Meteor showers in review

doi:10.1016/j.pss.2017.01.008

Planetary and Space Science

Volume 143, 1 September 2017, Pages 116-124

https://doi.org/10.1016/j.pss.2017.01.008 Get rights and content

Abstract

Recent work on meteor showers is reviewed. New data is presented on the long duration showers that wander in sun-centered ecliptic coordinates. Since the early days of meteor photography, much progress has been made in mapping visual meteor showers, using low-light video cameras instead. Now, some 820,000 meteoroid orbits have been measured by four orbit surveys during 2007–2015. Mapped in sun-centered ecliptic coordinates in 5° intervals of solar longitude, the data show a number of long duration (>15 days) meteor showers that have drifting radiants and speeds with solar longitude. 18 showers emerge from the antihelion source and follow a drift pattern towards high ecliptic latitudes. 27 Halley-type showers in the apex source move mostly towards lower ecliptic longitudes, but those at high ecliptic latitudes move backwards. Also, 5 low-speed showers appear between the toroidal ring and the apex source, moving towards the antihelion source. Most other showers do not last long, or do not move much in sun-centered ecliptic coordinates. The surveys also detected episodic showers, which mostly document the early stages of meteoroid stream formation. New data on the sporadic background have shed light on the dynamical evolution of the zodiacal cloud.

Introduction

A working list of meteor showers is maintained at the International Astronomical Union's Meteor Data Center (Jopek and Kanuchova, in this issue). At the time of writing, 701 proposed showers are catalogued, of which 112 meteor showers are certain to exist. Of those, only 32 have known parent bodies. Efforts are underway to identify more (e.g., Kholshevnikov et al., 2016; Micheli et al., 2016).

It is important to better document these showers, and search for more, because meteor showers provide a unique record of past comet activity. They document the meteoroid stream dynamics that will result ultimately in replenishing the zodiacal dust cloud.
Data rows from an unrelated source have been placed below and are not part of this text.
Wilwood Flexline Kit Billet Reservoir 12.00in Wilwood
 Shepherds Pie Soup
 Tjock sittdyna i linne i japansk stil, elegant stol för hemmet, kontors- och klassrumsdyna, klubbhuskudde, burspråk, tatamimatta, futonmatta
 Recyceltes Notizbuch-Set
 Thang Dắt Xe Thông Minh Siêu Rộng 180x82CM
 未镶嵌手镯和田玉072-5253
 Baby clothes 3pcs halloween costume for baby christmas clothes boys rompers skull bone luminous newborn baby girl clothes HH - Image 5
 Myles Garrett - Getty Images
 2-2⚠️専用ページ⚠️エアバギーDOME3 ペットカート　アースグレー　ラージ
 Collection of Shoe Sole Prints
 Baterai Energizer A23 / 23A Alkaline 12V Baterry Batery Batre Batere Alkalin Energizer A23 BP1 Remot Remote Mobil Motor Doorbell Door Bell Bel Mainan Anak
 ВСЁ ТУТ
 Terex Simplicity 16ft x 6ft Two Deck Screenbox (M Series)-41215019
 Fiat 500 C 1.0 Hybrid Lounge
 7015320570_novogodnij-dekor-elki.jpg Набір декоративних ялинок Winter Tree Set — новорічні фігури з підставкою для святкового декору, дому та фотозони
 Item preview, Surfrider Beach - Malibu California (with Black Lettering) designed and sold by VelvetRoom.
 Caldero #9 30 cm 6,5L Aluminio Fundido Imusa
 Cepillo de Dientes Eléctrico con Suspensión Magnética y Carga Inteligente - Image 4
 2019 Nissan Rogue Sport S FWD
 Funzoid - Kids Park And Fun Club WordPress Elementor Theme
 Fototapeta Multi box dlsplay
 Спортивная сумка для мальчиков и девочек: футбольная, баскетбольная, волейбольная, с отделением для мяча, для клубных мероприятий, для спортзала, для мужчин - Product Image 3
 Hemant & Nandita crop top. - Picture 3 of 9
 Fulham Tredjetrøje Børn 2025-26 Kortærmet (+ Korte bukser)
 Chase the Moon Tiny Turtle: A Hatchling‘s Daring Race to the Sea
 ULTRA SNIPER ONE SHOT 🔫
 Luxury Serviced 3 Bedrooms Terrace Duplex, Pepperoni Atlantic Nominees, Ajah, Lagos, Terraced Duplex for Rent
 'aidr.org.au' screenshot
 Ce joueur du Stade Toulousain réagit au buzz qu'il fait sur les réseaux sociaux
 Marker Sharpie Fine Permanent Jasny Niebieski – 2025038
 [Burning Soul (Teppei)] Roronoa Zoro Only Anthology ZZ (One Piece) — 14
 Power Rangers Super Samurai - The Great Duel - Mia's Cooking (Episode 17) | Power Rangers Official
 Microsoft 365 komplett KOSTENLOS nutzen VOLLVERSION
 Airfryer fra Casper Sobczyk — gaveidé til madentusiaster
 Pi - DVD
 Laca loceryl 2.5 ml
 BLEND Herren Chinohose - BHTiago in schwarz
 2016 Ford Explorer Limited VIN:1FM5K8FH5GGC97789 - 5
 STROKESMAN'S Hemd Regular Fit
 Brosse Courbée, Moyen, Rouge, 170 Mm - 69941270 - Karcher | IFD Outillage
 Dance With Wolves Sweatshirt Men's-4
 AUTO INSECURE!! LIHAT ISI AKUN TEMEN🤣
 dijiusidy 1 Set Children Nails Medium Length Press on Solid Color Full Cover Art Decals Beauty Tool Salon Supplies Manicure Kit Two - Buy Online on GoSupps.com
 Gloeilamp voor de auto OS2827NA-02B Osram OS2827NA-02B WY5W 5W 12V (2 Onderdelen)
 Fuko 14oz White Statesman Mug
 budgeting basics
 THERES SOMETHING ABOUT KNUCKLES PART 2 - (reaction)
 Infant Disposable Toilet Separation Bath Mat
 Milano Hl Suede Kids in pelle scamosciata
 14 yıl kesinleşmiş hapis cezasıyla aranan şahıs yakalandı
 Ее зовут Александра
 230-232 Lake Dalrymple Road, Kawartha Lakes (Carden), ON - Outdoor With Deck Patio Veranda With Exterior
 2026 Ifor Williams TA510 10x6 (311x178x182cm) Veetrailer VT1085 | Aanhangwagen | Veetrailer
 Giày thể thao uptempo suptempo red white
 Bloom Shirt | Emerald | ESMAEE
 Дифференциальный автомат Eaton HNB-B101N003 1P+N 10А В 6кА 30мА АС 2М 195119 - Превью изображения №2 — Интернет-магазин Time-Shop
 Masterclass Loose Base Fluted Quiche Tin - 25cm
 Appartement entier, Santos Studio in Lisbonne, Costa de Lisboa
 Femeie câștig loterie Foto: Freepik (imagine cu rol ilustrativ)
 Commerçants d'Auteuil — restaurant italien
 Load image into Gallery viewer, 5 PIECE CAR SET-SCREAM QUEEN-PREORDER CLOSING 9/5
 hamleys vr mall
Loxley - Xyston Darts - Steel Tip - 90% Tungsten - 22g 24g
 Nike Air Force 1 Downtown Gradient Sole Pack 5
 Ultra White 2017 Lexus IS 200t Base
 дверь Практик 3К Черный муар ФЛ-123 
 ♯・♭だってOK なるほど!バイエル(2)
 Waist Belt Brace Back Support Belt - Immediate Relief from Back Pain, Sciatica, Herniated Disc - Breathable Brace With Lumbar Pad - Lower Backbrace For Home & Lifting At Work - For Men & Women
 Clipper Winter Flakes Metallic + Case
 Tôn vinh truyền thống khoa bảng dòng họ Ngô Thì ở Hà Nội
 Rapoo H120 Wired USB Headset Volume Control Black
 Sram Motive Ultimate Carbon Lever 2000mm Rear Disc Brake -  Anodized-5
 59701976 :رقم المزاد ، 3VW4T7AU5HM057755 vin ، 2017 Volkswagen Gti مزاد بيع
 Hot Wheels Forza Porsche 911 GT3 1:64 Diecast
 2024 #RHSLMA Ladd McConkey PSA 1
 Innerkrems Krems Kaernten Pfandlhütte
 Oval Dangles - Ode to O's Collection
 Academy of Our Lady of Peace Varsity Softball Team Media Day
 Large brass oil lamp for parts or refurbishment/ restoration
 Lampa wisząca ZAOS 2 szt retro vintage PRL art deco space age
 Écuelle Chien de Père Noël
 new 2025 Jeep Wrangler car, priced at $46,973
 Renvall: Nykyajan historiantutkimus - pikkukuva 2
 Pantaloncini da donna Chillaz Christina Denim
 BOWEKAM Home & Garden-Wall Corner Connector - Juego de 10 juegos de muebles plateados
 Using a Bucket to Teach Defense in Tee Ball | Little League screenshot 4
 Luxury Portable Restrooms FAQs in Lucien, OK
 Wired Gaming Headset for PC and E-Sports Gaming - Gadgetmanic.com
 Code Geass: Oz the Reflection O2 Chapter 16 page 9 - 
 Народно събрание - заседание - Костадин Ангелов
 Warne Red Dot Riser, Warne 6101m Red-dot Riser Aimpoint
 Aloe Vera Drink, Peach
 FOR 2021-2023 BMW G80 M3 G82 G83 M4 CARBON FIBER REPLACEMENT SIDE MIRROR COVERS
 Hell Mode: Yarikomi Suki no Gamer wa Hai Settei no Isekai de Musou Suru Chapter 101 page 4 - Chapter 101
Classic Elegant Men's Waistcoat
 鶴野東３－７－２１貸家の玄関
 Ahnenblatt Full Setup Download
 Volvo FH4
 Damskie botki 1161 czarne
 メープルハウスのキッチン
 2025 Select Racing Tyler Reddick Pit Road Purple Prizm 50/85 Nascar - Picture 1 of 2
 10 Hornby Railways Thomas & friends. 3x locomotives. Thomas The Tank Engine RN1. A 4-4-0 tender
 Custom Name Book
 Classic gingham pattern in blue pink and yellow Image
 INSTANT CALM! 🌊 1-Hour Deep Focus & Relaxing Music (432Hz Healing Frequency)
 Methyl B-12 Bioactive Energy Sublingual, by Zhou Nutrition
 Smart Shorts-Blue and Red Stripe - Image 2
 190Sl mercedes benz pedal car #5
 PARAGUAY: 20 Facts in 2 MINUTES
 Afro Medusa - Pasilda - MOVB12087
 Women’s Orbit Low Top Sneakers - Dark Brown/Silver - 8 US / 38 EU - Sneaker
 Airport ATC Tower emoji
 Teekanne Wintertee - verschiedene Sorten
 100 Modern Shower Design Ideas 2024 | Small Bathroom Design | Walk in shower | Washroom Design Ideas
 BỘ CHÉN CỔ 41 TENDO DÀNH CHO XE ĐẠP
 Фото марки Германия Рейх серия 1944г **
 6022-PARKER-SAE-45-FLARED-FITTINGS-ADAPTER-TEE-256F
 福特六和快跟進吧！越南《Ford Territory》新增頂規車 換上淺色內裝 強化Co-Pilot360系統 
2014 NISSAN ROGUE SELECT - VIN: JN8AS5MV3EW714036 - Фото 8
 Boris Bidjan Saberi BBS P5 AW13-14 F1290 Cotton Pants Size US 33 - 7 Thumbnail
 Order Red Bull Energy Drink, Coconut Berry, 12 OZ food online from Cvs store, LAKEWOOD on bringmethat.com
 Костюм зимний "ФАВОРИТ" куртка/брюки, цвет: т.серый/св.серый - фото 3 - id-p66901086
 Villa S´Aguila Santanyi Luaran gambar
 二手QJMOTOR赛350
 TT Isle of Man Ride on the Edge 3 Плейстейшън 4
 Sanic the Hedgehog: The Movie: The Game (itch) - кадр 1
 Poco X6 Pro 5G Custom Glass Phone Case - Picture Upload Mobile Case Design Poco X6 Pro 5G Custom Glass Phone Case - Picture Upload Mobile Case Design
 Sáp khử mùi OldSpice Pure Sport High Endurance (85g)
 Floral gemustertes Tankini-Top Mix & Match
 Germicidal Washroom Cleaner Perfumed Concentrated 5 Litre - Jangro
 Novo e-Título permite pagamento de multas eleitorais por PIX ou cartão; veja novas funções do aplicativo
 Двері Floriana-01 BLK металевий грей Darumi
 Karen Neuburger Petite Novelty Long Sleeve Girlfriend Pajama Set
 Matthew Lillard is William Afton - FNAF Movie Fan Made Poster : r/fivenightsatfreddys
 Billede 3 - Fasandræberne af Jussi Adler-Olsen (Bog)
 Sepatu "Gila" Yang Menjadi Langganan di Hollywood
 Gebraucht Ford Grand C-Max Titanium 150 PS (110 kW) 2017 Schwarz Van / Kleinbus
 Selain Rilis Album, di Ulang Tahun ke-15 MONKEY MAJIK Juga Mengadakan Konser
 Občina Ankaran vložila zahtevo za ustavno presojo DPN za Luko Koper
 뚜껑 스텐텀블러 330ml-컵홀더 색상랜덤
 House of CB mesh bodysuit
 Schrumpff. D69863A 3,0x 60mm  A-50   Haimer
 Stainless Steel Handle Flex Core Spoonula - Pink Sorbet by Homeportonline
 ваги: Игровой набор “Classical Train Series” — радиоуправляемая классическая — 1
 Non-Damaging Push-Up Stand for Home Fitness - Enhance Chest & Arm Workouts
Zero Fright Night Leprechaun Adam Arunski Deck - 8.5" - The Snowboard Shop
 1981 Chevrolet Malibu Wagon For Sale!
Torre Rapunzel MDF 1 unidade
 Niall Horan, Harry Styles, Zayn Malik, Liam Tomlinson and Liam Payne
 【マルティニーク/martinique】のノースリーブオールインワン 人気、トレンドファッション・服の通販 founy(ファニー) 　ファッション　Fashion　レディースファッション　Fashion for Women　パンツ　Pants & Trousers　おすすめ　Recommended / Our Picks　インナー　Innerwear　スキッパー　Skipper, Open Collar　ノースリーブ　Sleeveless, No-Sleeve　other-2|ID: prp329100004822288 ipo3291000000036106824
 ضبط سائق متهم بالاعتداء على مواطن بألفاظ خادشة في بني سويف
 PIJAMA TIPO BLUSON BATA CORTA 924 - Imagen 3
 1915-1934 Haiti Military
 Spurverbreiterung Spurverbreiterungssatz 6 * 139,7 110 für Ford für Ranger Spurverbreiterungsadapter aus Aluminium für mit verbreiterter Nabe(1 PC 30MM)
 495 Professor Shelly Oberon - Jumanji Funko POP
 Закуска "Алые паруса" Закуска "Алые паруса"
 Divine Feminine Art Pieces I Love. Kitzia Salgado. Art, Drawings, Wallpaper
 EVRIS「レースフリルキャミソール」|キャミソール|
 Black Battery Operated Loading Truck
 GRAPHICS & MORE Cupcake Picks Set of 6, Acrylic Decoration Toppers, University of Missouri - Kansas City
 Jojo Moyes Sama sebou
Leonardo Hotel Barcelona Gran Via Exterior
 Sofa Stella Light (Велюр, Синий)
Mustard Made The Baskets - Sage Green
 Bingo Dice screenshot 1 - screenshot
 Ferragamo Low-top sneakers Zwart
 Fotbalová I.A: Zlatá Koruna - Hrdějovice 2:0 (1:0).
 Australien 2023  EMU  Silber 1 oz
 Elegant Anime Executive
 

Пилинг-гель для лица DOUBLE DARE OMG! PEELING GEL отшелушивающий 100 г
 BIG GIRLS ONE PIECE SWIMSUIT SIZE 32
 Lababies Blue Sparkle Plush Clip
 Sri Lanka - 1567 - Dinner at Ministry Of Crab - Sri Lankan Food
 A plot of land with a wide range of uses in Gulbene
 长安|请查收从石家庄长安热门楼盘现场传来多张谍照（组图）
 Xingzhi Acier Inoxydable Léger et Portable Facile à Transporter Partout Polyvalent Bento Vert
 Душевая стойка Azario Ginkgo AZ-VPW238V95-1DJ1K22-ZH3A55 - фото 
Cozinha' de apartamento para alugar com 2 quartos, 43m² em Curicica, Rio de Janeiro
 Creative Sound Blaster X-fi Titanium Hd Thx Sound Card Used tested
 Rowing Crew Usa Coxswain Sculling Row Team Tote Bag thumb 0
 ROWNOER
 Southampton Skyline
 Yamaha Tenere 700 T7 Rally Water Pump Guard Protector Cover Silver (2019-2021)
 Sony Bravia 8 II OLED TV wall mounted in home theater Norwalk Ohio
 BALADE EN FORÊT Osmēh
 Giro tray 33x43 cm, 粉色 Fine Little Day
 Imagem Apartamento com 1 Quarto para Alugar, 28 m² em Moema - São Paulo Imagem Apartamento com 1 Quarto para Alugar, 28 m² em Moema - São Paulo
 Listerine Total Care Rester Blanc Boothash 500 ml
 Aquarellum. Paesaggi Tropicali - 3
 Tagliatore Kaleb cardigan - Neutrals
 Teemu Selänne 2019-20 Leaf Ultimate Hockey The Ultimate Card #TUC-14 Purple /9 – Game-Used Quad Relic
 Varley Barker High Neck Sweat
For reviews, see Jenniskens, 2006, Jenniskens, 2015a, Jenniskens, 2016b) and Williams and Jopek (2014).

Fundamental questions remain. Comet disruptions are the main mass-loss mechanism of comets contributing to meteoroid streams and the zodiacal cloud (Jenniskens, 2008a, Jenniskens, 2008b, Nesvorny et al., 2010, Nesvorny et al., 2011, Yang and Ishiguro, 2015, Ye et al., 2015b), but what are the velocity dispersions that result from that? On what timescale do comets disrupt? When did individual streams form? What are the long-term dynamical and physical processes that form the zodiacal cloud? Even the collisional lifetime of meteoroids is uncertain (Jenniskens et al., 2016c).

To find answers to these questions, meteoroid streams at Earth need to be charted and modeled to explain all observed shower features. With each triangulated meteor that provides entry speed and approach direction (the radiant), a new dot is placed on a map that gradually brings out the meteor showers. The showers are best recognized after removing the Earth's motion, by subtracting the solar longitude from the ecliptic longitude of the radiant to calculate sun-centered ecliptic coordinates (Fig. 1).

It is also important to map these showers at different particle sizes. There are striking differences between maps derived from radar and optical observations, which provide clues to the forces and disintegration mechanisms at work. Water vapor drag during ejection and the Poynting-Robertson drag, for example, are particle size dependent.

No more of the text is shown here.